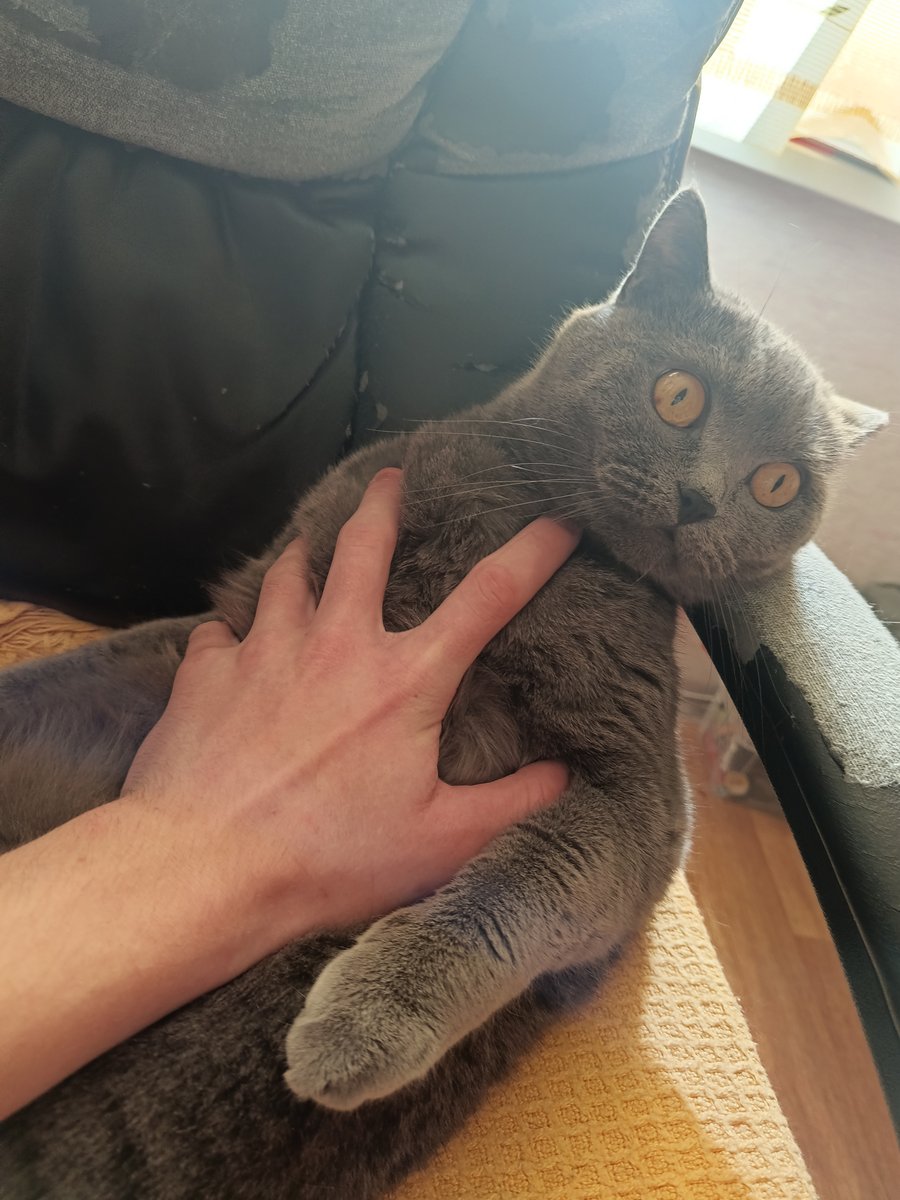 Пришел со школы а туту такое чудо 🥰🥰🥰 — Nikto · Стрекоза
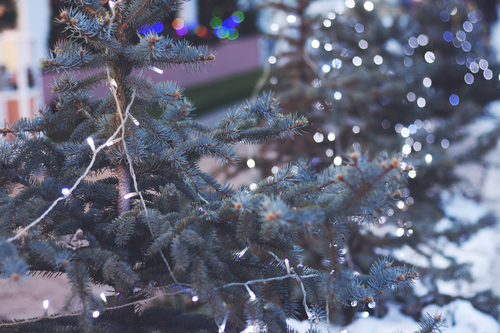 El árbol de Navidad con luces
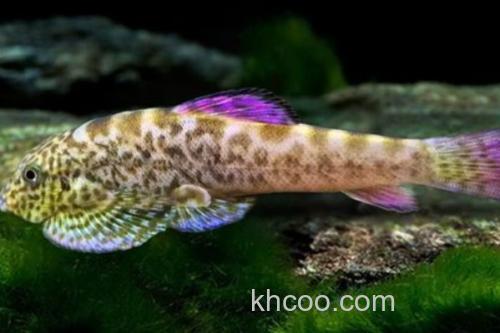 练江拟腹吸鳅是什么鱼？_2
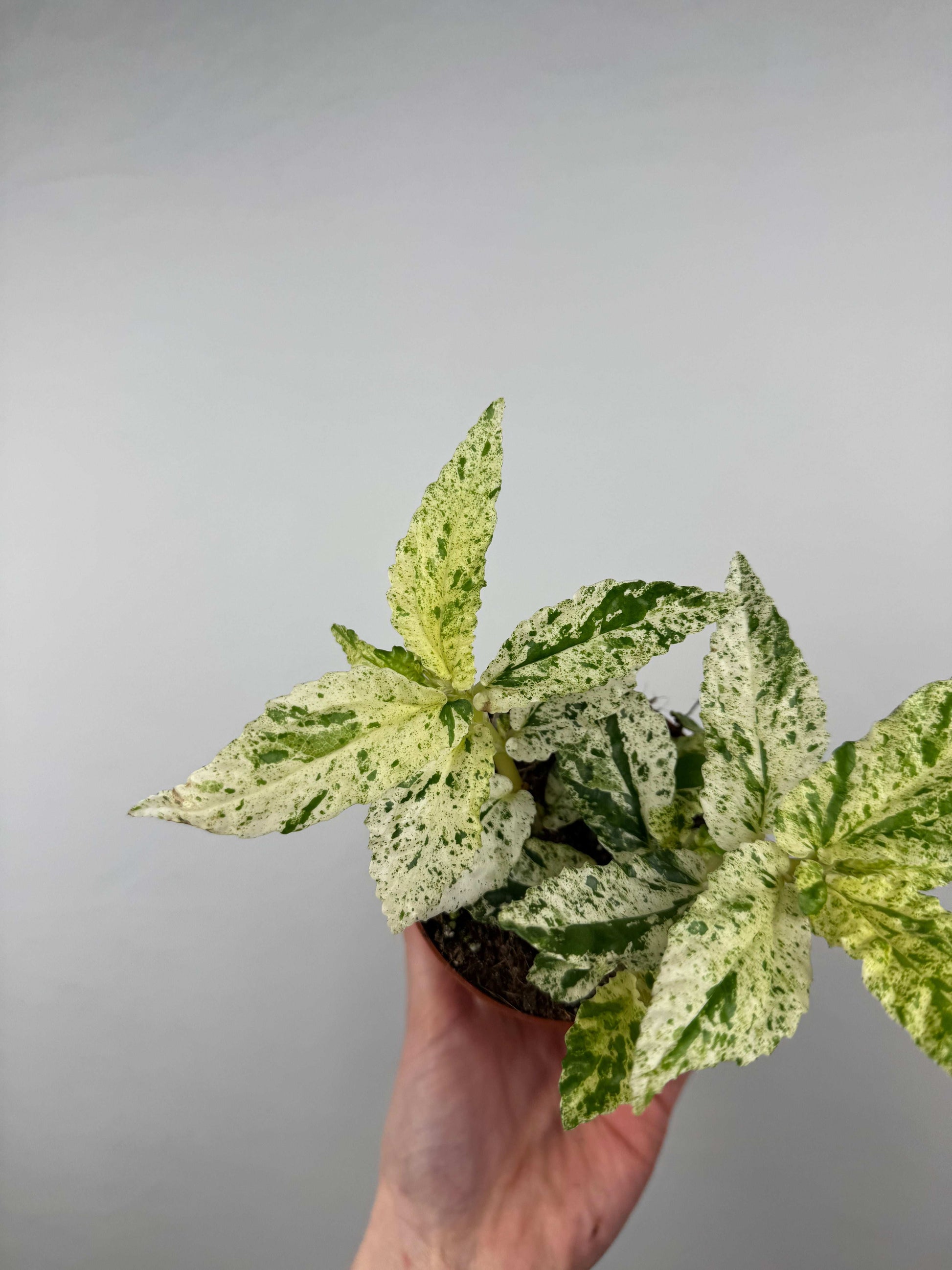 Pellionia Repens “Variegata”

__Task directions__: The data must come back word for word, with every picture removed.

__Answer space__:
 Пришел со школы а туту такое чудо 🥰🥰🥰 — Nikto · Стрекоза
 El árbol de Navidad con luces
 练江拟腹吸鳅是什么鱼？_2
 Pellionia Repens “Variegata”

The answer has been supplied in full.